Das Besondere am schwarzen Leder konnte Klingseis im März ein weiteres Mal ausmachen: Der heute als Präsident vereidigte Dmitri Medwedew trat am Abend seines Wahlsiegs ebenso gewandet vor seine Anhänger - ein schlauer Schachzug, wie sie ihm in einem Arbeitspapier attestierte. Denn er ließ dadurch vieles möglich erscheinen, ohne dass eine bestimmte Gruppe ihn als "einen der Ihrigen" reklamieren konnte.
Kleidung als Diskurs
Klingseis untersucht Kleidung als Diskurs. Welche persönlichen und sozialen Erfahrungen drücken Menschen aus, wenn sie etwas Bestimmtes anziehen und anderes ablehnen? Welcher Kurswechsel signalisiert sich durch neue Moden, welche Vorstellungen verharren dennoch?
Im Rahmen des vom Wissenschaftsfonds FWF geförderten Projekts über "Modellierung des Selbst" geht es insbesondere um die postsowjetischen Kleidungspraktiken. "Jede Gesellschaft", sagt sie, "hat ihr System von akzeptierten Diskursen. Sie prägen im Foucault'schen Sinn, wie und wer man sein darf und wozu man das Recht hat. Das gilt auch für die Mode."
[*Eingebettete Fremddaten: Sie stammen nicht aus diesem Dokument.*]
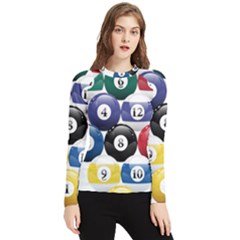 Racked Billiard Pool Balls Women s Long Sleeve Rash Guard by Ket1n9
Folgt man dem Ethnopsychoanalytiker Mario Erdheim, dann kommen verdrängte Bedeutungen der Kleidung hinzu. Das heißt, man reagiert aggressiv auf Andersheit, und man merkt das erst, wenn man das Problem in einer fremden Umgebung bei sich selbst wahrnimmt.
Die aus Tirol gebürtige, an der WU tätige Kulturwissenschafterin verfolgt die Konflikte um die "richtigen" Codes bis in Details der Ungleichzeitigkeit. "Ein junger Doktor der Ökonomie war schockiert davon, welche Bedeutung an seinem Arbeitsplatz, einer Werbeagentur, seiner Kleidung beigemessen wurde. Er hatte noch gelernt, dass man Leute nicht danach beurteilen soll. Das ist ein Zusammenprall zweier Diskurse, den muss man überleben."
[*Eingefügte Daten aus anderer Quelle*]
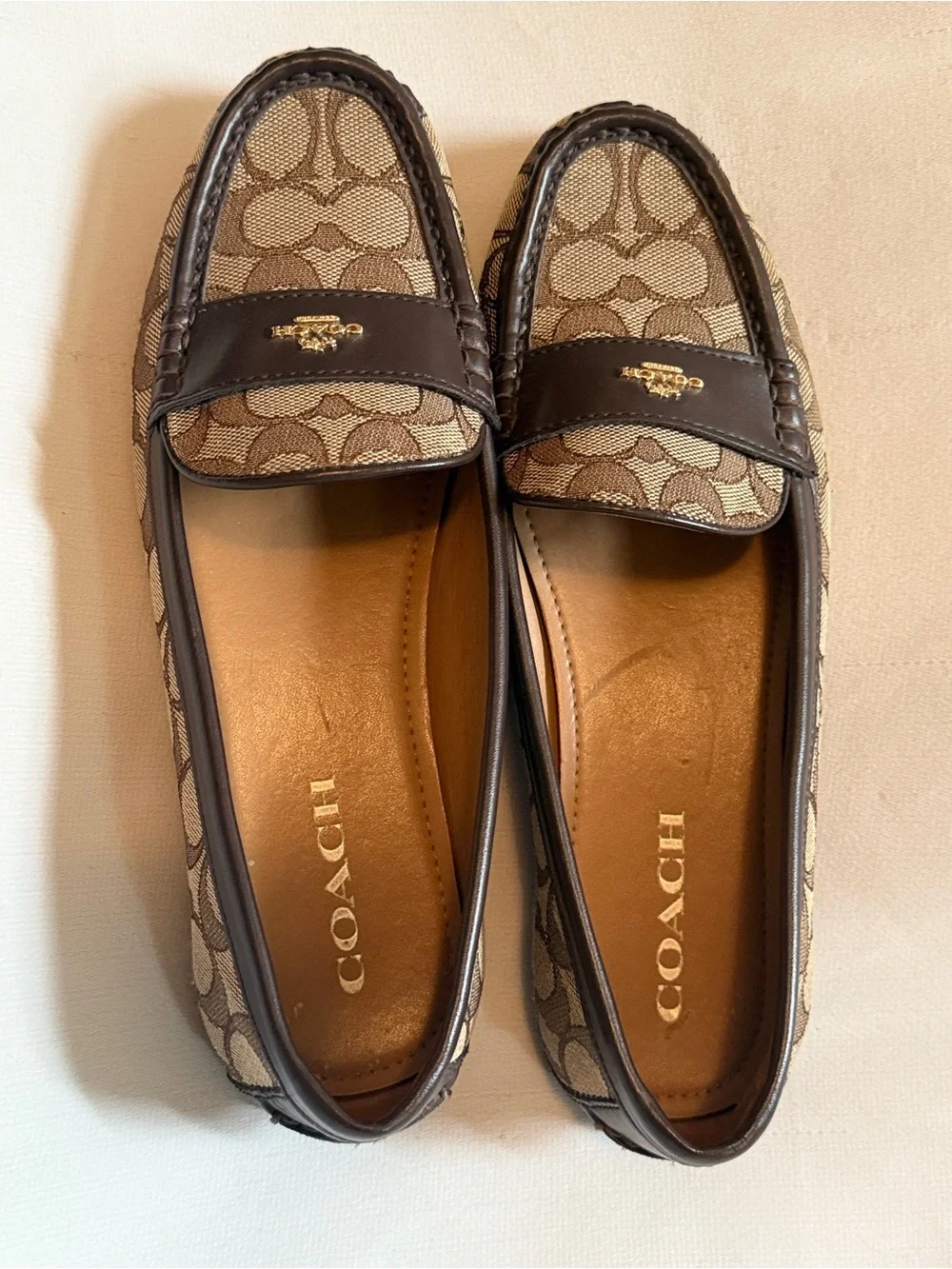 Coach Odette Signature Jacquard Driver Loafers Size 9.5B Brown Tan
Auch die noch vor der Sowjetunion herrührende Rolle der Frau als Schmuck des Mannes, die alle Propagierung heldenhafter Arbeiterinnen überlebt hat, spielt in die heutigen Dresscodes stark hinein, eigentlich mehr denn je. Es sei den Russinnen unverständlich, wie wenig sich ihre westlichen Geschlechtsgenossinnen statusgemäß bzw. über ihren Status hinaus anziehen - was der Forscherin schon vor Jahren in der Moskauer U-Bahn schmerzlich klar wurde.
Extreme Erfahrungen
Methodisch geht Klingseis so vor, dass sie Personen in Moskau und Ekaterinburg nach ihren Kleidungspraktiken befragt. Dazu beobachtet sie deren Alltag und stellt Bezüge zwischen Mode und den Botschaften aus den Medien her.
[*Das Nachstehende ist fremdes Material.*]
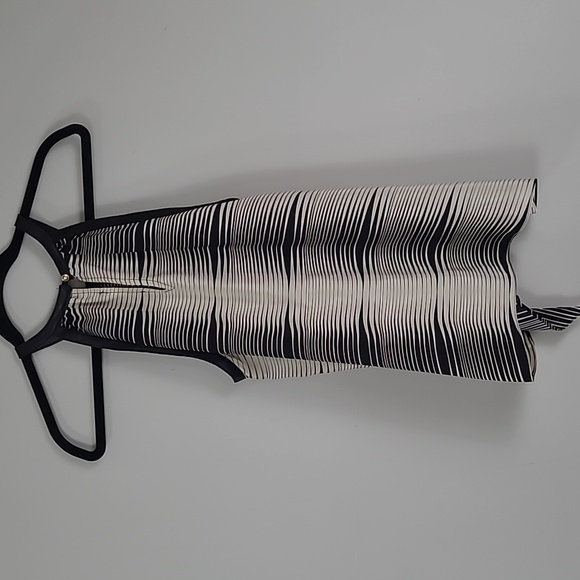 Alex & Trixie silk and black leather halter style striped top - Picture 5 of 6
Was als "Vorbildwirkung" oder "geheime Verführung" etikettiert werden könnte, wird von ihr theoretisch vertieft. Denn gerade in einer Umbruchgesellschaft wie Russland lassen sich Momente der Anpassung und des Widerstands besonders gut ablesen. Sie verweist auf die Arbeiten eines russischen, in Princeton arbeitenden Kollegen, Serguei Oushakine. Ihm zufolge müssen die Ausdrucksmittel für die extreme Erfahrung der Marktwirtschaft erst entwickelt werden. Dafür suchen die Bürger Anleitungen, sei es bei den Mainstream-Medien, sei es bei eher exzentrischen Modestrecken, die Klingseis auf Anpassung bzw. Rebellion untersucht.
Nicht zu unterschätzen ist in diesem Zusammenhang auch, wie unterschiedlich die Accessoires der Sechzigerjahre hüben wie drüben wahrgenommen wurden. Galten im Westen unter vielen politisierten Studenten kommissarmäßige Kleidung und Hammer-und-Sichel-Buttons als Ausdruck des Widerstands, hatte man unter Moskauer Dissidenten naturgemäß mit derlei absolut nichts am Hut.